The Church of England faces serious issues: membership and attendance have continued to drop with no end in sight, theologically conservative bishops threaten a massive boycott of the upcoming 2020 Lambeth Conference, and the Brexit question continues to divide British society.
Amidst this, Archbishop of Canterbury Justin Welby was interviewed before the attendees of Greenbelt, a liberal Christian conference and festival held annually since 1974. While the festival offers music and art, the conference elements focus upon the role of the church in modern society. During this interview the Archbishop fielded questions from presenters and from an audience.
Welby was quickly asked about decline in the Church of England.

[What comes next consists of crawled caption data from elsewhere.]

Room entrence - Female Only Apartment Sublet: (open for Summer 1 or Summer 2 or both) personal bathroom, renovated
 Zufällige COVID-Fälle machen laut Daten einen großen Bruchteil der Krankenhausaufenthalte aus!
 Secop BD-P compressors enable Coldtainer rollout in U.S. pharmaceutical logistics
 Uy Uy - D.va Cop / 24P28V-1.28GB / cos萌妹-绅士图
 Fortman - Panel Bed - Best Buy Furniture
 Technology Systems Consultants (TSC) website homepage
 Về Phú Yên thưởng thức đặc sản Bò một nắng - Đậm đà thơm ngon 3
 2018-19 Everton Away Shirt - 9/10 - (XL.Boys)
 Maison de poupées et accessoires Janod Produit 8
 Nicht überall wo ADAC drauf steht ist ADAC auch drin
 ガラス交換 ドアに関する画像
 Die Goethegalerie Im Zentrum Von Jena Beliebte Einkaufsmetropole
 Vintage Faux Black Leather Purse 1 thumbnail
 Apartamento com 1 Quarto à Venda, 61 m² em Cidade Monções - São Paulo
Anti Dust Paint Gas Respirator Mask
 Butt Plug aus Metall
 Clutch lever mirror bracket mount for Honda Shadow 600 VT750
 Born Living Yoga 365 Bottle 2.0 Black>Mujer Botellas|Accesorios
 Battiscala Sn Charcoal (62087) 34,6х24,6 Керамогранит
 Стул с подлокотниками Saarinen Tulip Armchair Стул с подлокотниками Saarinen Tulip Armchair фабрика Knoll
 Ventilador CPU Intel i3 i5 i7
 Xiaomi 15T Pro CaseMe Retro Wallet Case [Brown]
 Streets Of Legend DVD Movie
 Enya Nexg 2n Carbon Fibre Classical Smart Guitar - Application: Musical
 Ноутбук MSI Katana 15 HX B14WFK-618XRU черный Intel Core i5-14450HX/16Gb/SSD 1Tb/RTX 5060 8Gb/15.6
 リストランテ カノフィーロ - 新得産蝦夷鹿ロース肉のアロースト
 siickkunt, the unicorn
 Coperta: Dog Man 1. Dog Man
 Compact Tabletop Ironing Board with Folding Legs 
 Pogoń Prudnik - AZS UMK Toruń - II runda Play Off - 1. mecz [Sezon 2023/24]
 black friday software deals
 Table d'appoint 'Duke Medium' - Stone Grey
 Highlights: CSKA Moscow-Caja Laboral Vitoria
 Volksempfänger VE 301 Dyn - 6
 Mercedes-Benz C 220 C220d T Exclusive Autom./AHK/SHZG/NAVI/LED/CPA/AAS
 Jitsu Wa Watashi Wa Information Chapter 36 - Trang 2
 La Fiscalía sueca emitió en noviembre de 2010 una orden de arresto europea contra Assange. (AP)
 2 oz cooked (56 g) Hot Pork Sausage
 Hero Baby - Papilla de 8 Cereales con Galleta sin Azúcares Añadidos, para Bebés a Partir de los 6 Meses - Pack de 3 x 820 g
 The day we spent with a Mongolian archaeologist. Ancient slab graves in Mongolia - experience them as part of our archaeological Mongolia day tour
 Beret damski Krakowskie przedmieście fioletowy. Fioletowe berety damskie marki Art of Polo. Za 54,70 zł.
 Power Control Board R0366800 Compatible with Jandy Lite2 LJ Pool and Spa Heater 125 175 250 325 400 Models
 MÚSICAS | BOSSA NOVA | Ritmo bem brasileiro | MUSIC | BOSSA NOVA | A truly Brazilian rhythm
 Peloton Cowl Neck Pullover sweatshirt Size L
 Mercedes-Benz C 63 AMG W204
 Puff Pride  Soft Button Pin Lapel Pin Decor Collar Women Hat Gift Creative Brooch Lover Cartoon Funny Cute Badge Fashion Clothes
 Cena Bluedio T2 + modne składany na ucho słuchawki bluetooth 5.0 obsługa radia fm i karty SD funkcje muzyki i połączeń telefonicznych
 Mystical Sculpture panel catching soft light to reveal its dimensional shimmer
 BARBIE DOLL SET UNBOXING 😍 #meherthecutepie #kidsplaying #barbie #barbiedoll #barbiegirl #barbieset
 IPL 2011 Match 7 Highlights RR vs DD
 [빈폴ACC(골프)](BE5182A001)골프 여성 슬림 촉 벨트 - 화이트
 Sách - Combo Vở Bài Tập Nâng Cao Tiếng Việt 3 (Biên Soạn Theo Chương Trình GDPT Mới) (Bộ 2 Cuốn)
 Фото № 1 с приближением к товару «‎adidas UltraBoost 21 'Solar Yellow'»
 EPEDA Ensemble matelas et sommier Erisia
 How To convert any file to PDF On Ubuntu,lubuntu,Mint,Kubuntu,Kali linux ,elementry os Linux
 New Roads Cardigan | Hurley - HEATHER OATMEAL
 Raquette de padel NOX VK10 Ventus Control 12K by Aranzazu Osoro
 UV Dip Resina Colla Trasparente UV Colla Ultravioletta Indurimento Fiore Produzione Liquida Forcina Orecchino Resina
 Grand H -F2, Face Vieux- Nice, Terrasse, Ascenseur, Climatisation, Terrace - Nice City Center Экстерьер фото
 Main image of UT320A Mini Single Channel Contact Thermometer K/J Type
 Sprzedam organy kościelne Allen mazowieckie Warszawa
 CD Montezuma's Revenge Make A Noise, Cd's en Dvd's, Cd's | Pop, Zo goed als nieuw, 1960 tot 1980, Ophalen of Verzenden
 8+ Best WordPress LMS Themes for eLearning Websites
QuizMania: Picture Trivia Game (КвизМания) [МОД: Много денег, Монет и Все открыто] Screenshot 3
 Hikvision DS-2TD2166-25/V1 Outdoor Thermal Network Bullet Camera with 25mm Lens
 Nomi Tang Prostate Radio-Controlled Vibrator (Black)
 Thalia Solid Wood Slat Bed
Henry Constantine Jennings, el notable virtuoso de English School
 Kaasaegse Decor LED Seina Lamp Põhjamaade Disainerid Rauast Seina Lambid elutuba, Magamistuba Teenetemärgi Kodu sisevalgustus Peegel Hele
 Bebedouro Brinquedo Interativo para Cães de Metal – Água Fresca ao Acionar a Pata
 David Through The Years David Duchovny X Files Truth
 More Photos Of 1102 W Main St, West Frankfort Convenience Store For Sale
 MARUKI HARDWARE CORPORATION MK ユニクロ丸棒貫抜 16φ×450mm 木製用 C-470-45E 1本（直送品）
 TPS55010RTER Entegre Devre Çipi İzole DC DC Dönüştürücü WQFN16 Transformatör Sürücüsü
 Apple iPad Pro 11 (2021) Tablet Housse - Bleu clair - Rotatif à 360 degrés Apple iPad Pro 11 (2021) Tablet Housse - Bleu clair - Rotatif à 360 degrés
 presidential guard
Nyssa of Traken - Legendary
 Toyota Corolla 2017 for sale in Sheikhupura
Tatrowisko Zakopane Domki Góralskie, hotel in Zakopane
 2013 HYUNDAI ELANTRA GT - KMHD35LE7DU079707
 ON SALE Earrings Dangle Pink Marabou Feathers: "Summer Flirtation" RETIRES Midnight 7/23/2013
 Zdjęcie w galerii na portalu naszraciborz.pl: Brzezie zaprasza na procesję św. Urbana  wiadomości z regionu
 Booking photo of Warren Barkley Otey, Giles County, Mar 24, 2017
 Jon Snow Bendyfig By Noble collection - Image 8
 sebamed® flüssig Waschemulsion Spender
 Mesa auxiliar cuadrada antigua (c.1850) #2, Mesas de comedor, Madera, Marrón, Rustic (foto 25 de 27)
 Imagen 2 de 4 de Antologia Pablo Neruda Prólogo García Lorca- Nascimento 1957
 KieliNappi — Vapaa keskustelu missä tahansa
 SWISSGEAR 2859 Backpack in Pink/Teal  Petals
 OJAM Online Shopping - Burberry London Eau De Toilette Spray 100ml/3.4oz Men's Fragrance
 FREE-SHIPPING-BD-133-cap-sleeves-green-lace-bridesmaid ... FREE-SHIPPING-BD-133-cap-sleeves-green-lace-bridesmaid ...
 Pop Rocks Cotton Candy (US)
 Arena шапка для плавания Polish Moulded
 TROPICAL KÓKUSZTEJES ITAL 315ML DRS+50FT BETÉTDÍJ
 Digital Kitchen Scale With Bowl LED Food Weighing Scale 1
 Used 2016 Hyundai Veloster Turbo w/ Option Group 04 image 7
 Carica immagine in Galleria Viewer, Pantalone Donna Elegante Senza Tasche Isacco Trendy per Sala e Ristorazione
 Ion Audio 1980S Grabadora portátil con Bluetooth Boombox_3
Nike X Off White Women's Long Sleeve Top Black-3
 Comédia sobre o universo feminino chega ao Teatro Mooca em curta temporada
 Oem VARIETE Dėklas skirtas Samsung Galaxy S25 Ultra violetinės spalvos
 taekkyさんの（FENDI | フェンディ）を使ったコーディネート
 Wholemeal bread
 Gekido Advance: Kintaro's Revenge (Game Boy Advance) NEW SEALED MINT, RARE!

As this blog has previously reported, the state church has lost much of its membership. Church officials struggle to identify a new path to restore the church as relevant in the eyes of the British public.
Welby emphasized a diversity of outcomes within the Church. In response to a question regarding church visits and how he sees individual churches truly thriving, Welby said, “Lots and lots and lots [of churches], and for all kinds of different reasons. It’ll never be the same two weeks running.” He also praised the church for its level of engagement with the community.
“The Church generally in this country, not just the Church of England, is more engaged with community now than it’s been at any time really since the Second World War,” Welby asserted. This sentiment echoes a previously reported idea for the Church of England to solve its numbers problem through community engagement. However, as I argued previously, community engagement for its own sake will not revitalize the church and must be coupled with evangelistic outreach in order to be effective.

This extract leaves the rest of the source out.